====== Records for the exercise ======

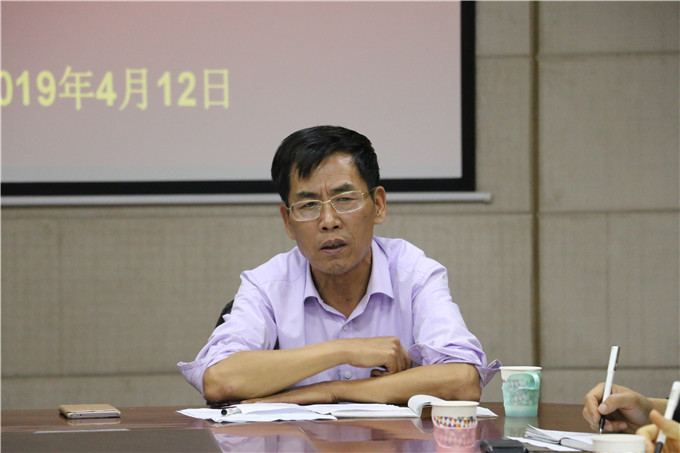 ��ί��ǡ�ִ��Ժ����������ܽὲ��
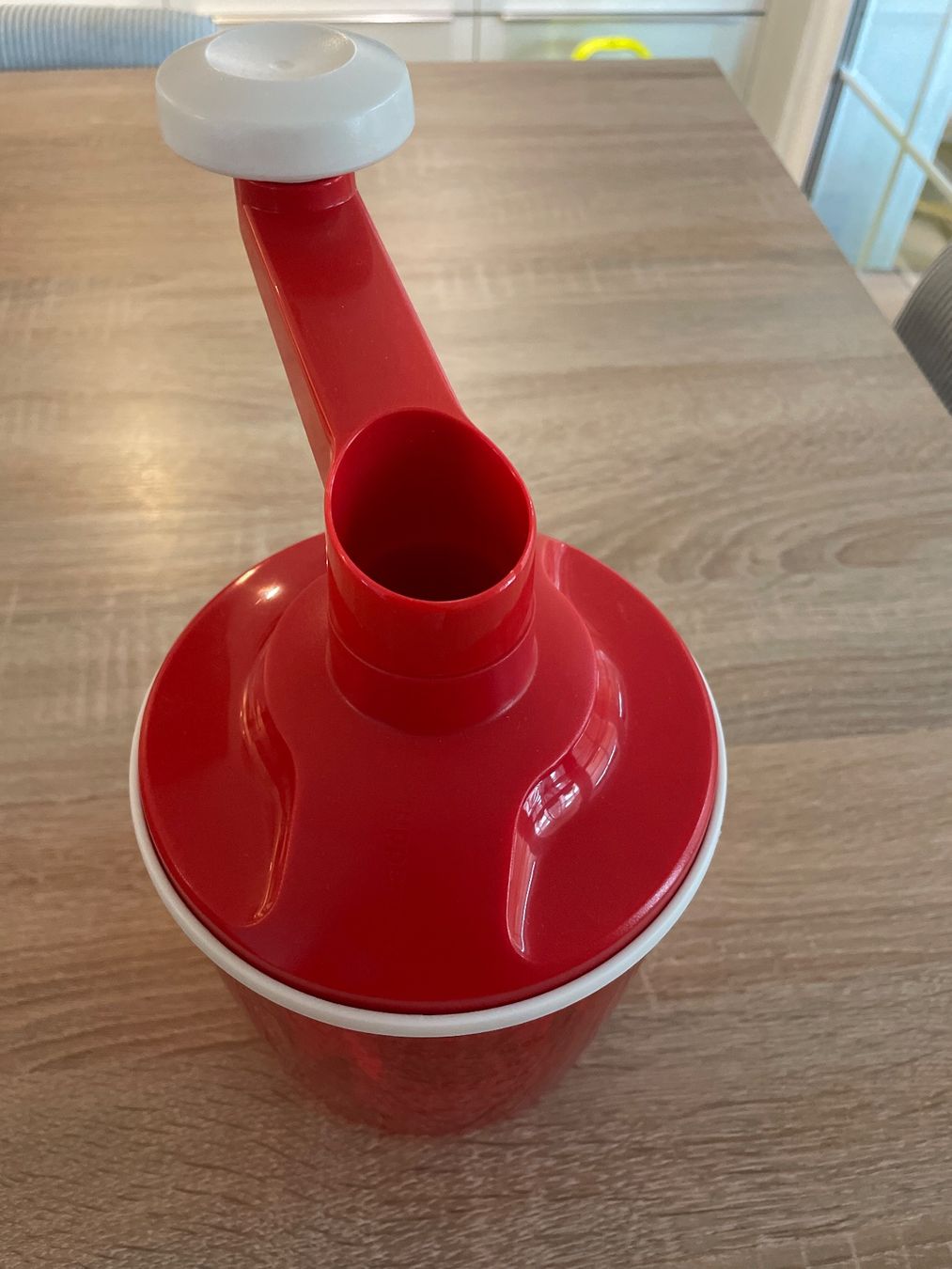Tupperware Elettrodomestici da cucina: Neuwertiger Tupperware Speedy Boy Küchenhelfer, Rot – Usato da Merenschwand venduto da Luna20 1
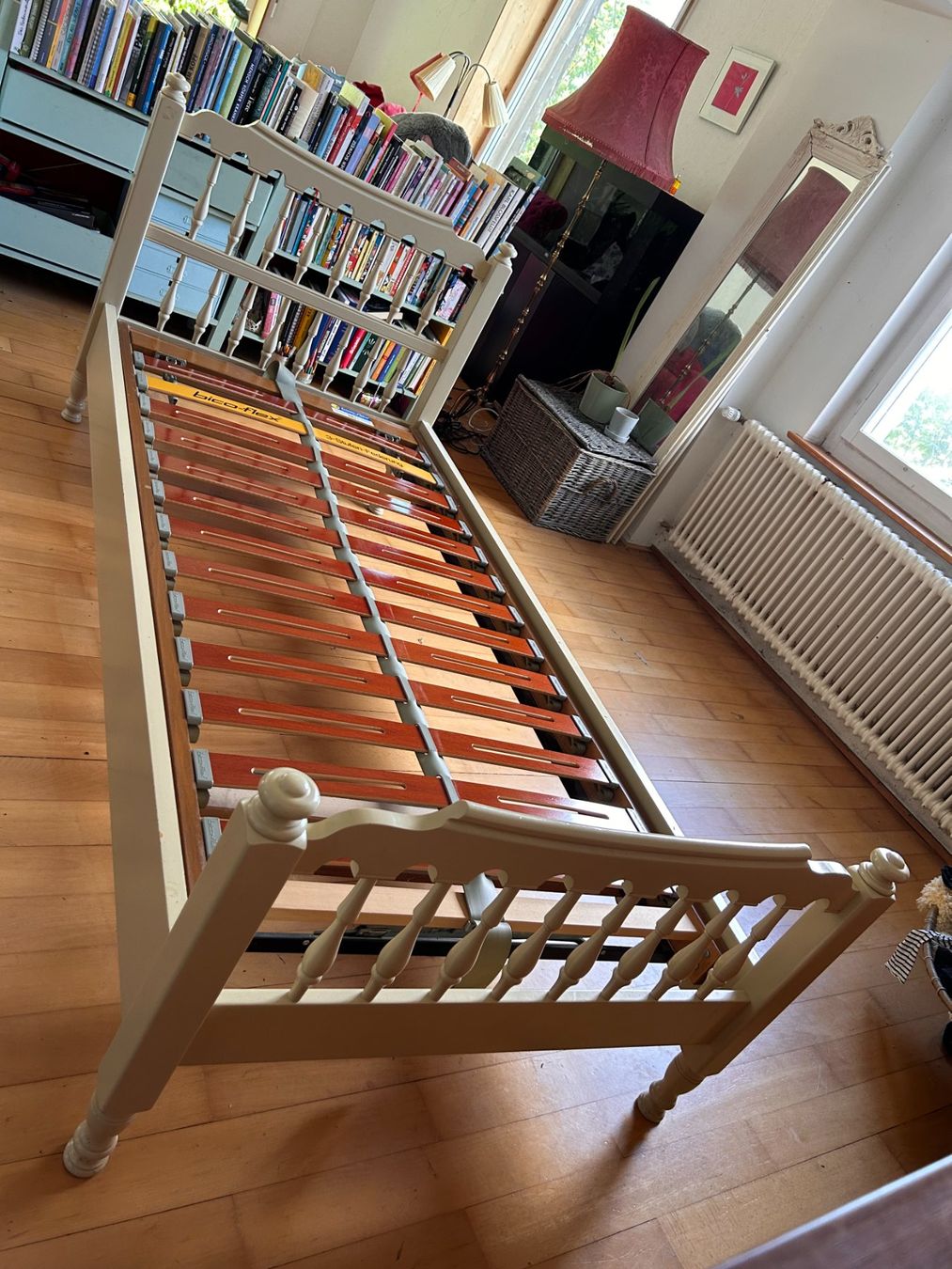Lits: Schönes Einzelbett – D'occasion à Ennetbaden par visualm 2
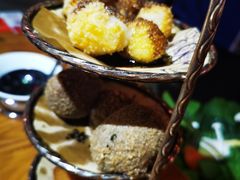 -野山舂·贵州现舂酸汤火锅(鸿通城店)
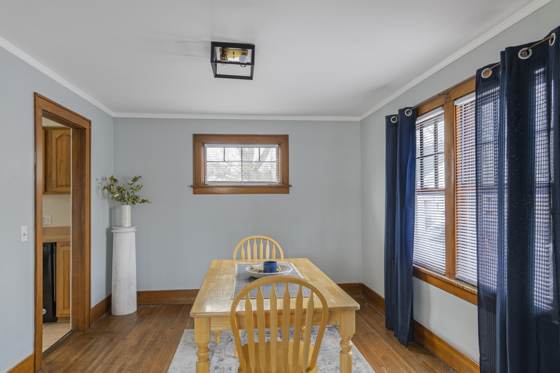 443 Crossfield Road, photo 11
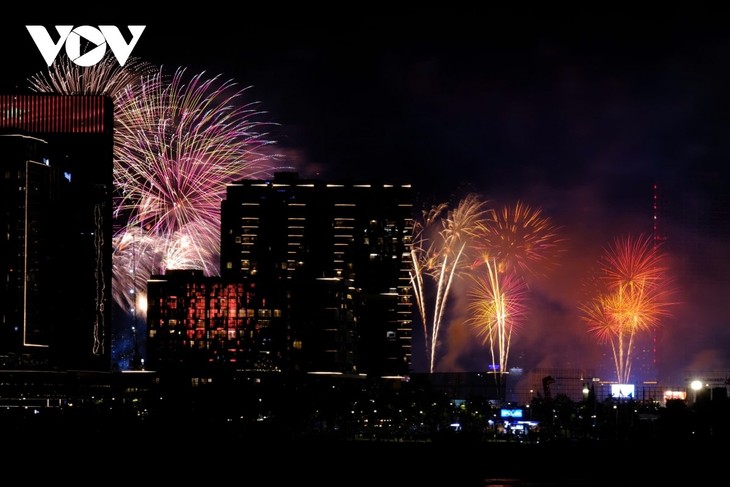 Pháo hoa rực rỡ ghi dấu kỷ niệm 50 năm ngày thống nhất non sông - ảnh 14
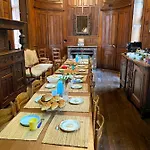 Chateau De Montaupin לינה וארוחת בוקר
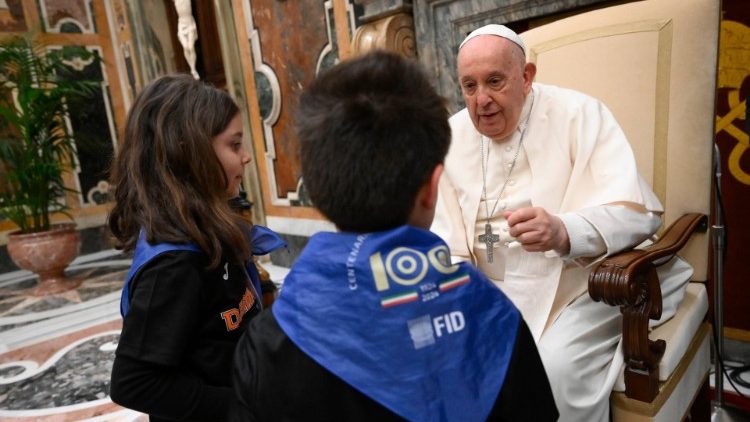 Duas crianças saúdam o Papa Francisco durante a audiência com os membros da Federação Italiana de Dama (Vatican Media)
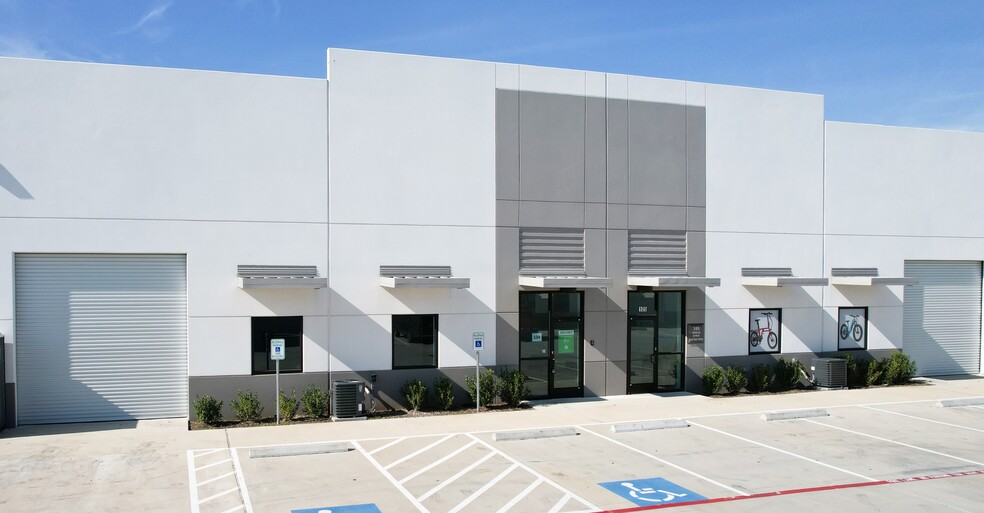 12425 W Airport Blvd, Sugar Land, TX for sale - Building Photo - Image 1 of 4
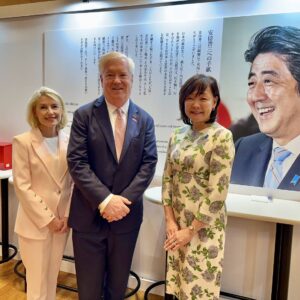 回顧展に米国グラス大使ご夫妻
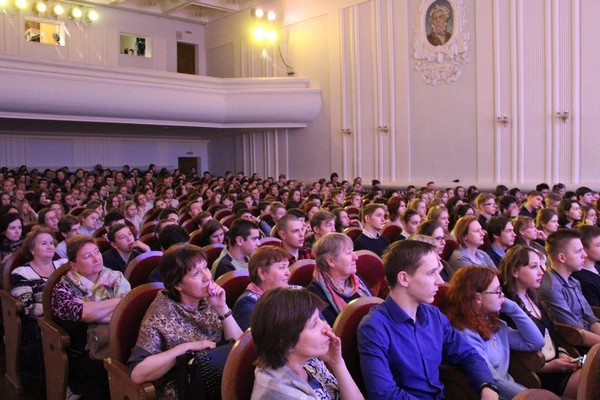 Спектакль «Концерт для контрабаса с абсурдом»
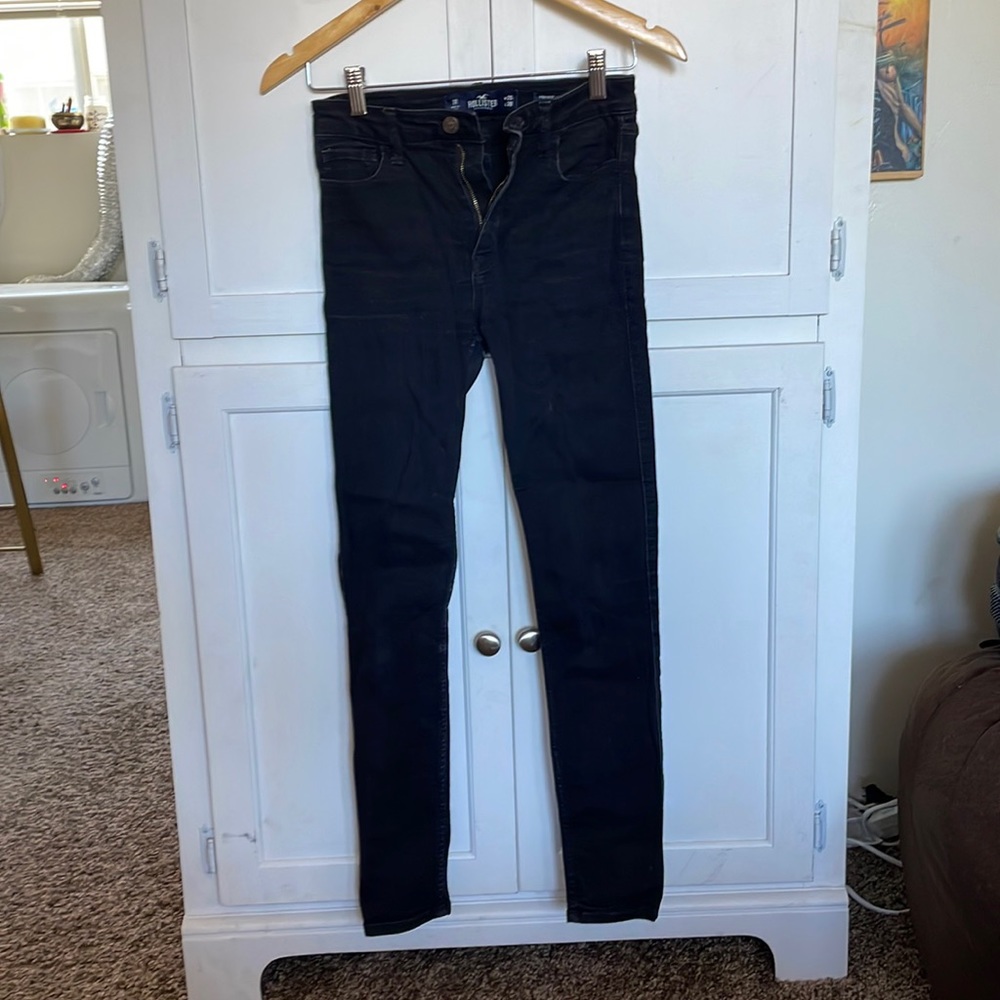 Fav black Hollister high rise super skinny jeans 😍 size 1R/ W25/L30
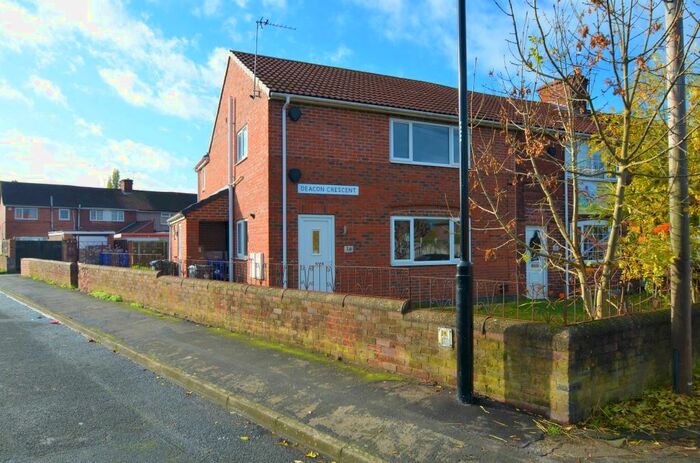 2 Bedroom Flat To Rent In Deacon Crescent, Rossington, Doncaster, DN11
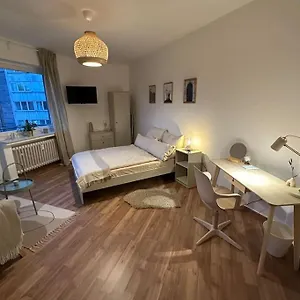 Mit Wohnkuche & Balkon Deutschland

======

• [What to work on]: Write out exactly, and nothing more than, the lines of the entries above from the line containing "2 Bedroom Flat" through the final line; omit any pictures.

• [Exercise result]:
 2 Bedroom Flat To Rent In Deacon Crescent, Rossington, Doncaster, DN11
 Mit Wohnkuche & Balkon Deutschland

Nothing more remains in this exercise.